Task goal
Starting at the line that contains "Short velvet jacket Purple", quote each line exactly through the last line of the entries, both included.

Stored data
[Start of section]
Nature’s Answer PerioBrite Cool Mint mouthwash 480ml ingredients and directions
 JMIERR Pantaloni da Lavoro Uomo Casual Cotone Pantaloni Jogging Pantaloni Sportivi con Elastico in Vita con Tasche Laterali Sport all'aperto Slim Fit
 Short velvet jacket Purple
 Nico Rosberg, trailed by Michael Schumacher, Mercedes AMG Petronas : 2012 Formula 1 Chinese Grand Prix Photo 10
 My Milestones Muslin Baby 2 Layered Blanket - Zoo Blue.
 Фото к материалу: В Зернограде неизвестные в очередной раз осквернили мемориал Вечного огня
[End of section]
Solution below
 Short velvet jacket Purple
 Nico Rosberg, trailed by Michael Schumacher, Mercedes AMG Petronas : 2012 Formula 1 Chinese Grand Prix Photo 10
 My Milestones Muslin Baby 2 Layered Blanket - Zoo Blue.
 Фото к материалу: В Зернограде неизвестные в очередной раз осквернили мемориал Вечного огня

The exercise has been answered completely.